Por desgracia no apunté bien en ese momento los términos técnicos del desperfecto, porque no imaginaba que íbamos a ir de mal en peor.

Ya a la altura de Atlanta, cuando habíamos llenado los formularios que entregan las sobrecargos para entrar a Estados Unidos, el capitán, sin decir agua va, comunicó que dábamos la media vuelta para ir a Cancún y que allá nos trasladarían a otra nave que nos llevaría a Nueva York. La razón: Aeroméxico 404 no cumplía con los requisitos para aterrizar en el JFK e íbamos a proveernos de combustible. Al salir del avión pregunté al capitán Jorge Castellanos si ninguna aeronave aterrizaba en el JFK y me respondió que sí, pero nuestra línea Aeroméxico no. ¿Por qué? ¿Es defectuosa la nave? ¿Era problema de neblina? ¿De tráfico aéreo? ¿No tenía la nave combustible para esperar sobrevolando la orden de aterrizaje?
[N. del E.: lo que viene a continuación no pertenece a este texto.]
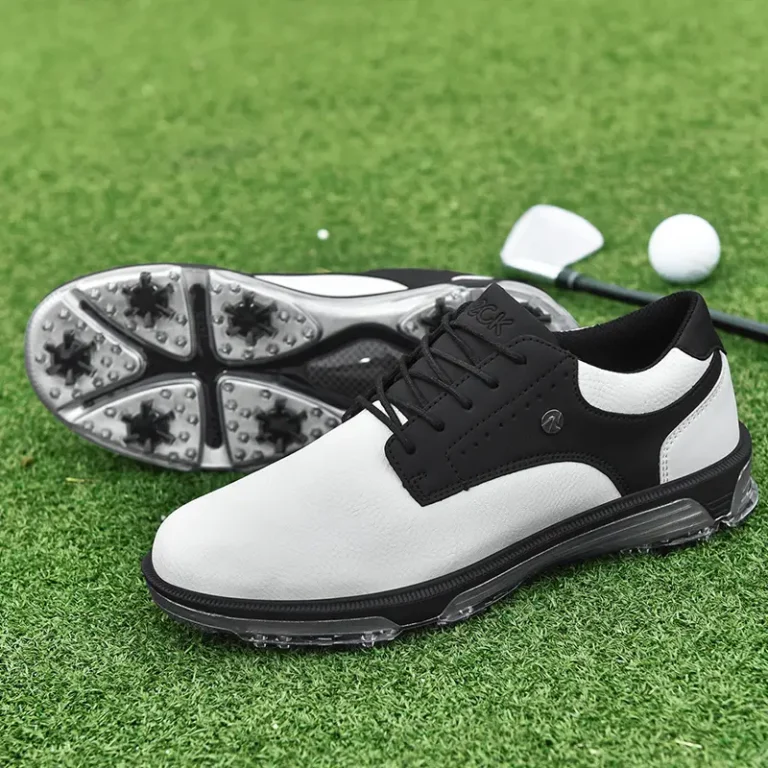 brown leather golf shoes spikes main 5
En el aeropuerto de Cancún, un encargado me preguntó si no quería yo pasar al salón VIP con mi acompañante Felipe Haro Poniatowski, porque íbamos a esperar unas horitas para abordar esta nueva nave: Aeroméxico vuelo 400 del 22 de marzo, a las tres de la madrugada. Pregunté si los demás pasajeros tenían acceso a ese privilegio y respondió que no, pero que a mi hijo y a mí nos pondrían en primera clase al regreso de Nueva York, el domingo 25.

El vuelo 400 suele salir de Cancún a la una de la madrugada; sin embargo, Aeroméxico retrasó su despegue para que nosotros, pasajeros del 404, aterrizáramos en Cancún. A las cuatro de la madrugada abordamos un avión atascado en que mi hijo y yo quedamos en asientos separados.
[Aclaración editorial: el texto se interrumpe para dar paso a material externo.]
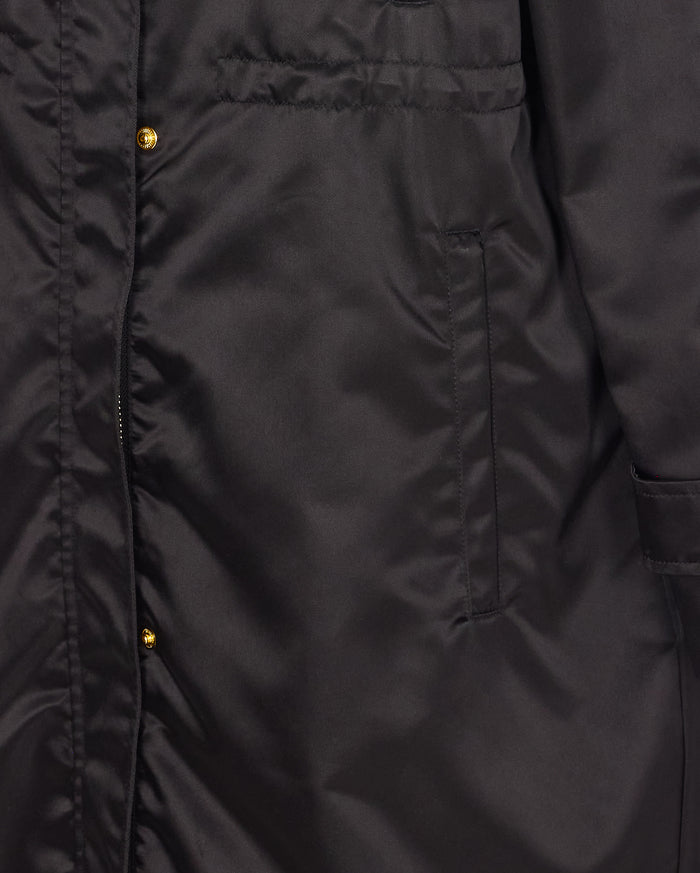 Pinko Coats Black Nylon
Por fin llegamos al hotel Shoreham de Nueva York (cercano al Museo de Arte Moderno, MoMA) tres horas antes de que diera yo una conferencia sobre Diego Rivera en ese recinto, programada desde hacía ocho meses a las seis de la tarde. Mi hijo y yo llevábamos 26 horas de viaje entre la ciudad de México y Nueva York.

Aeroméxico debe una explicación a los pasajeros que aguantan, sin una queja, la falta de respeto y el maltrato que recibieron los días 21 y 22 de marzo. En cualquier otro país, los pasajeros tendrían derecho y toda la razón de demandar a la aerolínea por incumplimiento de contrato. En México, el maltrato y la impuntualidad están a la orden del día. Siempre he viajado por Aeroméxico. Me ofrecen cualquier otra línea e insisto: Aeroméxico. No se vale que abusen así de la confianza que nosotros, los pasajeros, depositamos en nuestra aerolínea.
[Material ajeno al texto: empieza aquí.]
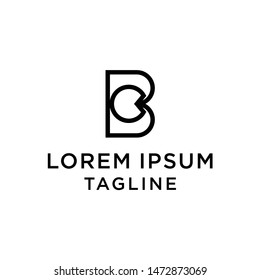 initial letter logo BC, CB, logo template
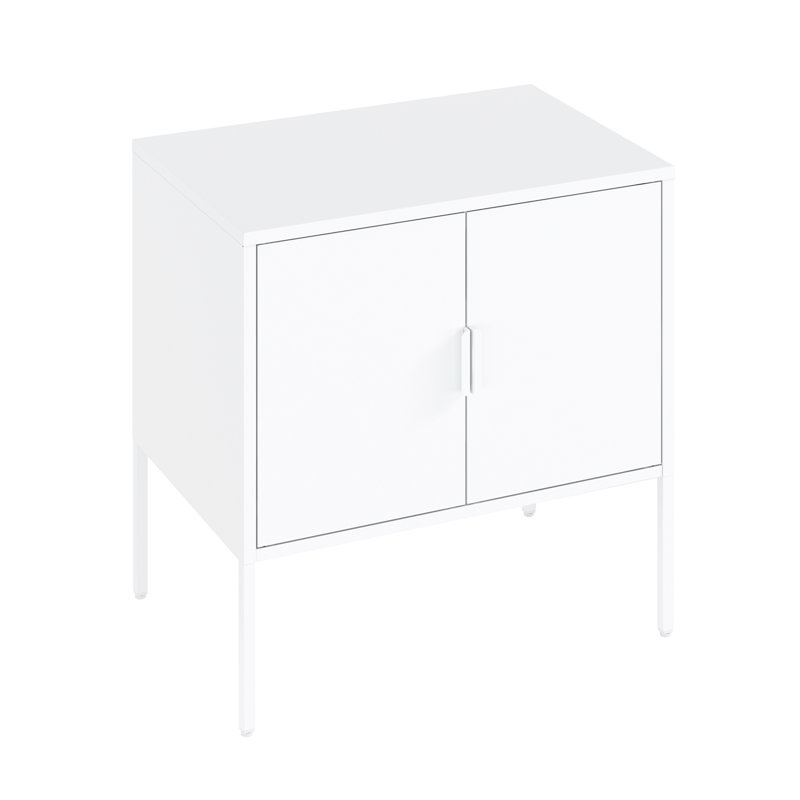 Ava 23.6 Accent Cabinet with 2 Adjustable Shelves, White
Ojalá y el director de Aeroméxico, Andrés Conesa, y su equipo directivo tomen en cuenta el daño que le hacen a los pasajeros y el perjuicio que causan a su propia aerolínea. Tengo todos mis comprobantes (clase turista ida y vuelta) y expongo este atropello con la esperanza de que otros viajeros reciban mejor trato, puesto que están pagando por él.